Countess Marie von Ebner-Eschenbach (, ; 13 September 183012 March 1916) was an Austrian writer. Noted for her psychological novels, she is regarded as one of the most important German-language writers of the latter portion of the 19th century.

Biography

Early life and family
She was born at the castle of the Dubský von Třebomyslice family in Zdislawitz near Kroměříž in Moravia (present Zdislavice in the Czech Republic), the daughter of Baron (from 1843: Count) Franz Joseph Dubsky von Trebomyslicz, a nobleman whose family roots are deeply Catholic and Bohemian, and his wife Maria Rosalia Therese, née Baroness von Vockel, who came from a noble Protestant-Saxon background. Marie lost her mother in early infancy, but received a careful intellectual training from two stepmothers, first Baroness Eugenie von Bartenstein, and then her second step-mother, Countess Xaverine von Kolowrat-Krakowsky, who often contributed to her inspiration by taking her to the Burgtheater (town theater, citizen's theater) from time to time in Vienna. Despite being part of a noble family having access to her family's vast libraries, she was never actually formally schooled. However, because of her curiosity, access to information, and educated family, she became auto-didact at a young age, and was taught fluent French, German, and Czech. In 1848 she married her cousin, Moritz von Ebner-Eschenbach, a physics and chemistry professor at a Viennese engineering academy. Later on, he would become an Austrian captain, and promoted to lieutenant field marshal on his retirement. The couple resided first in Vienna, then, from 1850, at Louka (Klosterbruck) near Znojmo, as the engineering academy had been relocated there, and after 1860 again in Vienna. The marriage was childless to disappointment of both of them. Marie grappled with the domestic tasks. She kept a journal and wrote letters explaining how she felt unsatisfied. It has been speculated that Marie may have suffered from "hysteria" including debilitating headaches and excessive nervousness.

Career and success

Marie began devoting herself to literary work. In her endeavours she received assistance and encouragement from Franz Grillparzer and Freiherr von Münch-Bellinghausen. Her first publicized work was the drama Maria Stuart in Scotland (), which Philipp Eduard Devrient produced at the Karlsruhe theatre in 1860. Then came a tragedy in five acts, Marie Roland, with several one-act dramas: Doktor Ritter, Violets (), and The Disconsolate One. Though she was encouraged to keep writing, her relative failure in the field of playwriting had actually become somewhat of a point of an embarrassment to her family.

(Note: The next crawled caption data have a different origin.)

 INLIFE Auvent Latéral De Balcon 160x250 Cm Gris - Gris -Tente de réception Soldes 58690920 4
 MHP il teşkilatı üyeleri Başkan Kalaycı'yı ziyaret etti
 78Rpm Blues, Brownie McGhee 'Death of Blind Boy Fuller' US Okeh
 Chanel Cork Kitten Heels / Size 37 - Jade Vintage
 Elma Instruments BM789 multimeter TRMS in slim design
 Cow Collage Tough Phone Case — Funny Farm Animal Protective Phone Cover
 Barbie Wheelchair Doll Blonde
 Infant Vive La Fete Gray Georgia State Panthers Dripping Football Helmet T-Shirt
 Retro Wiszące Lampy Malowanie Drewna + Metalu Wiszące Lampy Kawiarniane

After these limited successes in the field of drama, she turned to narrative. Commencing with Die Prinzessin von Banalien (1872), she graphically depicts in Božena (Stuttgart, 1876, 4th ed. 1899) and Das Gemeindekind (Berlin, 1887, 4th ed. 1900) the surroundings of her Moravian home, and in Lotti, die Uhrmacherin (Berlin, 1883, 4th ed. 1900), Zwei Comtessen (Berlin, 1885, 5th ed. 1898), Unsühnbar (1890, 5th ed. 1900) and Glaubenslos? (1893) the life of the Austrian aristocracy in town and country.

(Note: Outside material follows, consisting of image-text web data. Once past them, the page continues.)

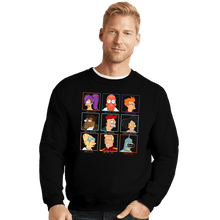 Load image into Gallery viewer, Daily_Deal_Shirts Crewneck Sweater, Unisex / Small / Black Moral Alignment Chart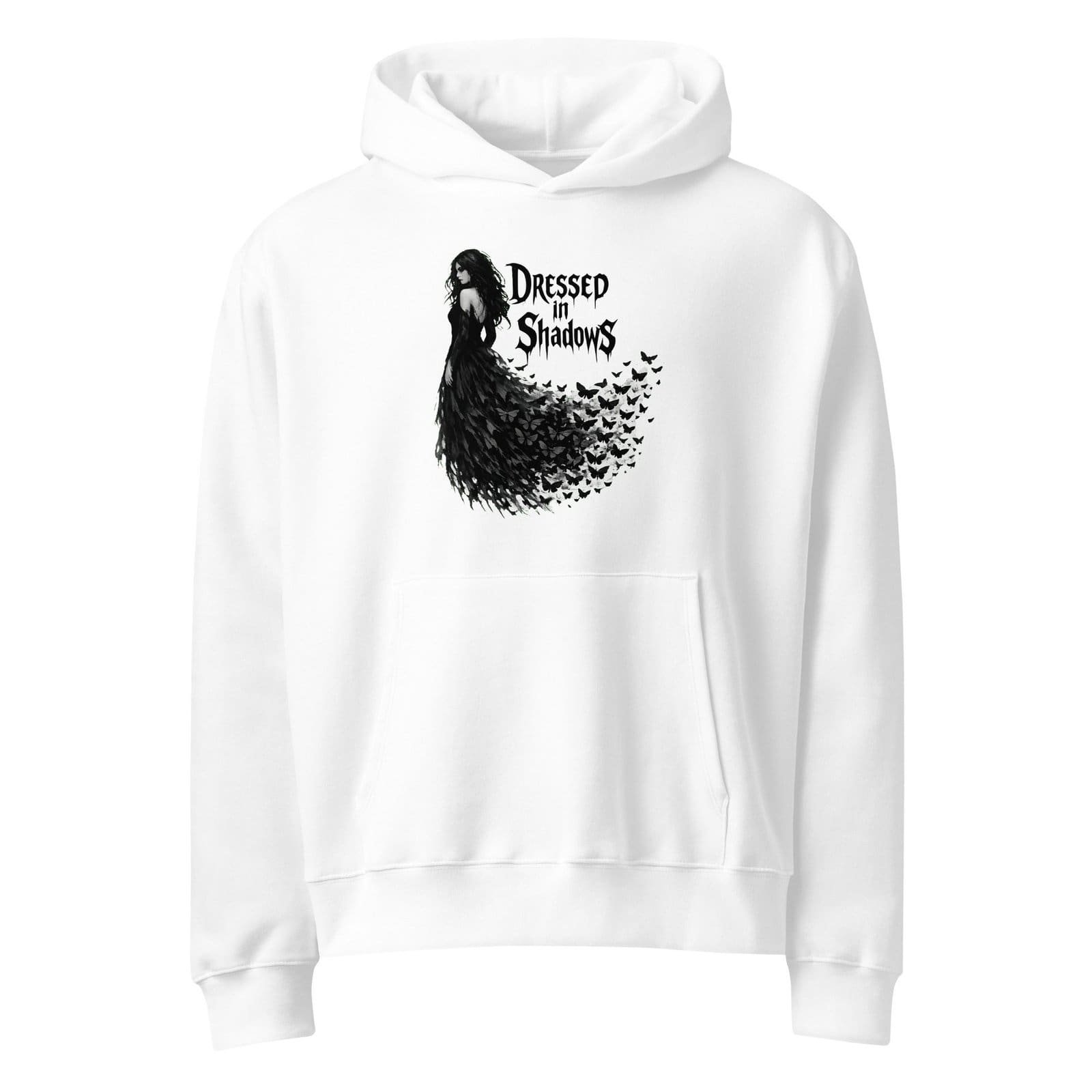 Dark Art Graphic Hoodie | Dressed In Shadows | Knotted Tree Studios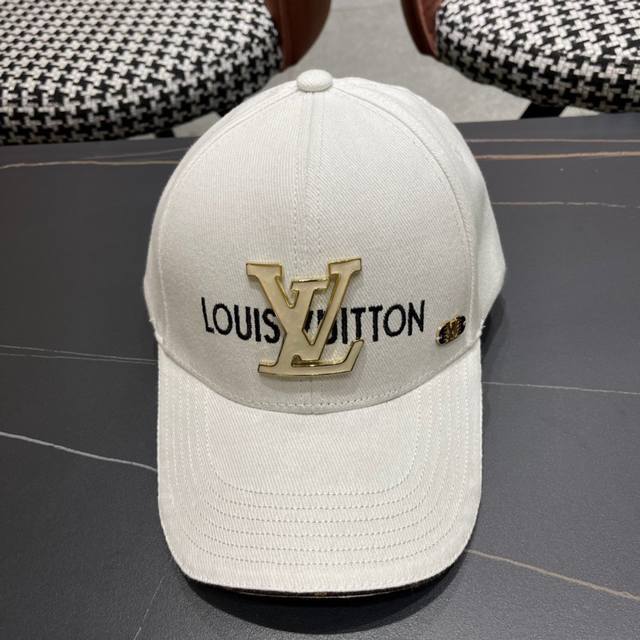 Lv Louis Vuitton Baseball Cap Official Website High-End Version, Classic Basebal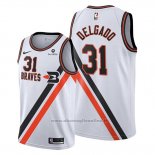 Maglia Los Angeles Clippers Angel Delgado NO 31 Classic Edition 2019-20 Bianco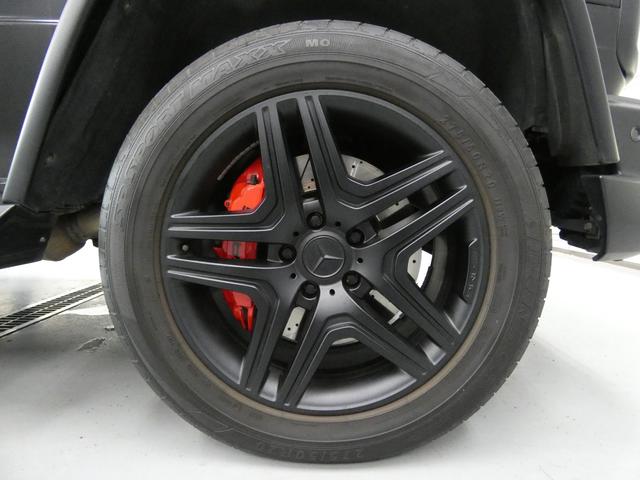 Gクラス G63 V8ツインターボ 正規D車 designo外装色 エクスクルーシブインテリアPKG SR designo黒革 シートヒーター&ベンチレーター ナビ harman/kardon 純正S&Bカメラ PTS ディストロ&BSA 赤キャリパー 専用20AW(48枚目)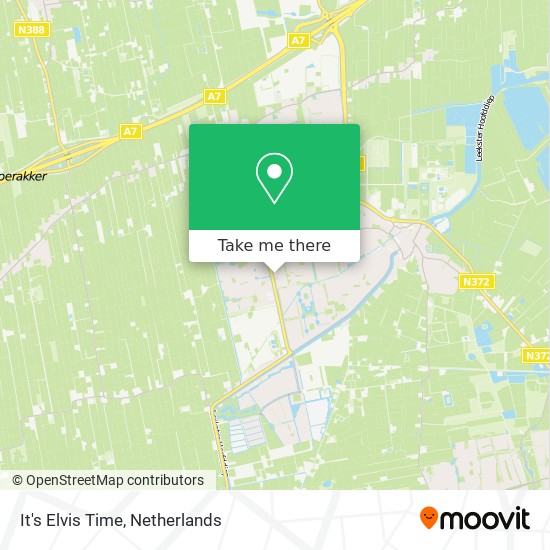 It's Elvis Time map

Much of Ebner-Eschenbach's more mainstream success is accredited to Julius Rodenberg due to his publishing Ebner-Eschenbach's work in his popular periodical, Die Deutsche Rundschau. In 1875, her half-sister, composer Julie Waldburg-Wurzach, used her social contacts at Cotta Verlag (today Klett-Cotta Verlag) to market some of Ebner-Eschenbach's work. Ebner-Eschenbach also published Neue Erzählungen (Berlin, 1881, 3rd ed. 1894), Aphorismen (Berlin, 1880, 4th ed. 1895) and Parabeln, Märchen und Gedichte (2nd ed., Berlin, 1892). Von Ebner-Eschenbach's elegance of style, her incisive wit and masterly depiction of character give her a foremost place among the German women writers of her time. On the occasion of her 70th birthday the University of Vienna conferred upon her the degree of doctor of philosophy, honoris causa. An edition of Marie von Ebner-Eschenbach's Gesammelte Schriften (Collected Works) began to appear in 1893 (Berlin).

Throughout her life, she had never created literature or plays for monetary reasons, and so, in her will, she left, as to aid other writers in their own endeavors, the compensation she had received. She died in Vienna, Austria-Hungary.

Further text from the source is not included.